It is useless to compare data if we are not sure about the containers
(i.e., the tables). If the tables have a different structure, any
difference I may find will be meaningless. The same goes for the
quantity of data available. If I use some statistical methods to
compare the data in two tables, they must have the same number of
records for the results to be of any use.
Fortunately, the first two levels are also the easiest to deal
with. Comparing two table structures with the features that any
DBMS offers is fast and accurate. There are already specialized
tools that perform such tasks efficiently, and the row counting
part is trivial.
Thus, I am left with the third level -- the one that troubles
me most. Before getting into more detail, let me first explain how
I got into this perilous field.
Background
Until a few months ago, I was in charge of developing and maintaining
a large human resources database. It was a work in progress, being
migrated from a legacy system with new features being developed
constantly, so I found it useful to install two servers -- one for
development, and one for production (Figure 1).
My first encounter with remote comparison was when the new features
in the development server needed some adjustments to their structure.
Before committing the changes in the production server, I tested
the new features in the development one, and I kept a log of the
changes, which I then replayed to the main server. There was no
problem with this strategy until the day I missed an item in the
log file and thus didn't update the main server correctly.
A few weeks later, the whole issue forgotten, it took me several
hours to nail down the bug. In the process, I found plenty of tools
to compare the structure of two databases and even to produce automatically
the necessary ALTER TABLE statements to fill the gaps.
But the problems were not that simple. Besides the development/production
duality, I also had a data warehouse to facilitate heavy number
crunching for the statistics that the management required on a daily
basis. Because the data warehouse needed development, migration,
and maintenance, it was also duplicated. This was no big deal at
the beginning, but data warehouses naturally grow large very quickly.
So I had to devise a mechanism to populate each of them within their
respective servers.
Everything went well and the data warehouse produced statistics
that never got more than a distracted glance, until one day, 30
minutes before a big meeting, somebody realized that there was a
.02% inconsistency in the statistics compared to the previous month.
So, of course, I was tasked with fixing it.
I compared the numbers in the development server with the main
one and found that the numbers in the test server were correct.
I printed the statistics with 19 minutes to spare, but after everyone
had left I was still there trying to find out the difference between
two huge tables in two different servers.

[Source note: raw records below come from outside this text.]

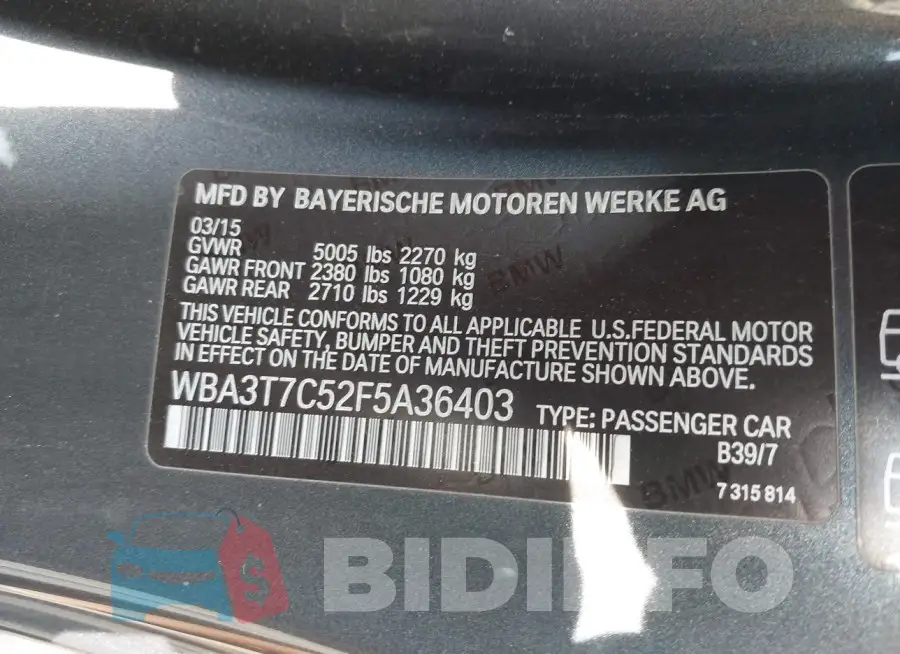 WBA3T7C52F5A36403 Photo# 9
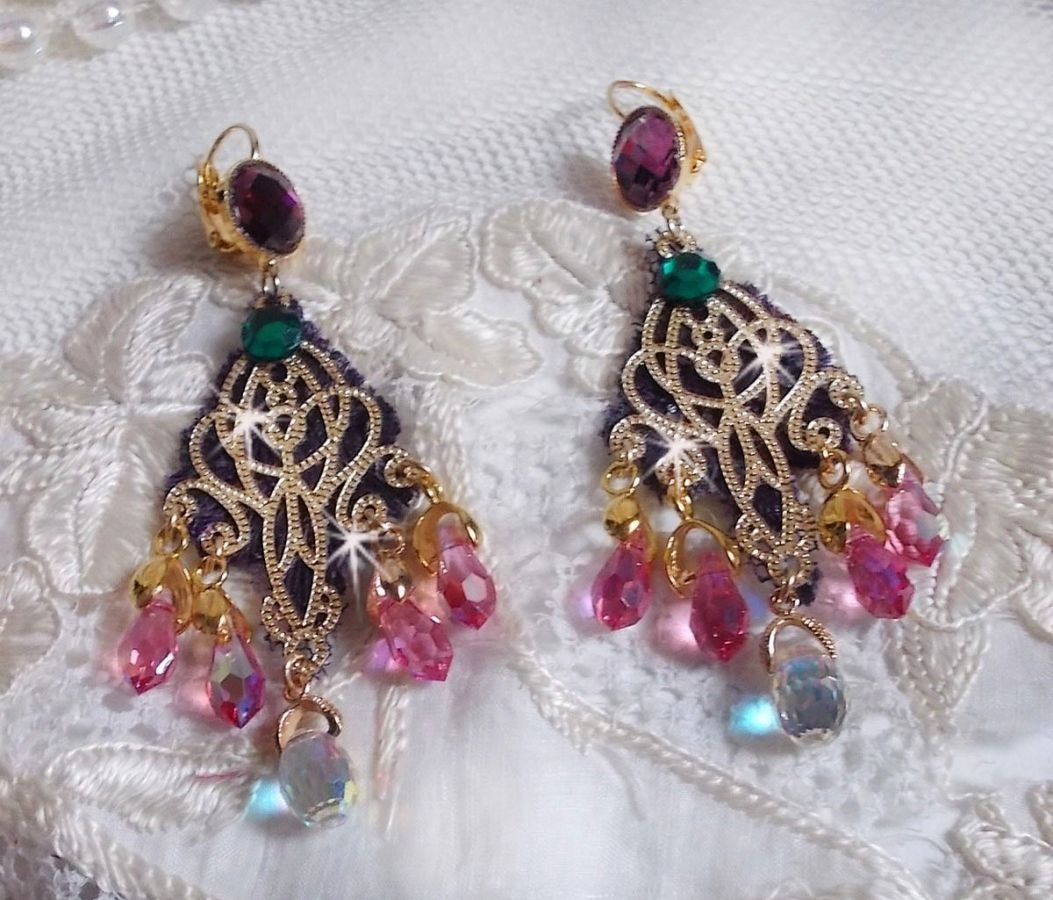 BO Asiane skapt med Swarovski Crystal Drops, 1950's Violet blonder og glassperler
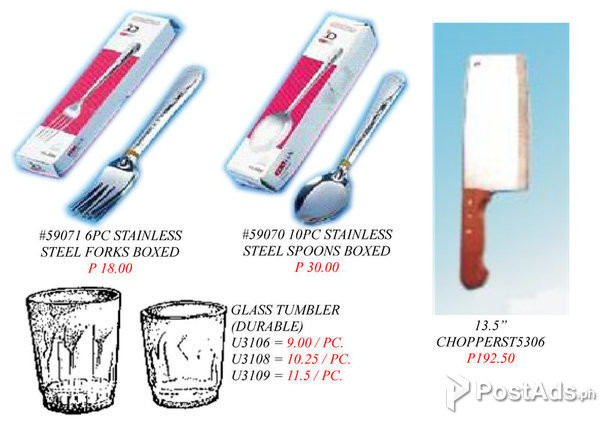 Tumbler Fork Spoon Chopper Peeler Egg slicer Canopener Lemon Squeezer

Once all the users had
logged out, I copied the tables from the development to the production
server, which kept the servers busy for the better part of 3 hours,
and then compared the two tables locally and found the culprit.
This incident led me to more serious thinking about remote comparison,
and here are the results. Remote comparison is also useful for purposes
such as establishing a mirror database or checking the correctness
of a replication engine. You never know when such a need will arise
-- unless, of course, you are developing a distributed database
system -- and therefore these notes may turn out to be useful.
Brute Force Attacks
I used a brute force approach on my data warehouse (Figure 2a),
which is not recommended, because it transfers all the records from
one server to another. So, if your table has one million records,
you move all of them across the network. Additionally, the receiving
server might have to recreate the tables from raw data, depending
on the method you choose to do the transfer.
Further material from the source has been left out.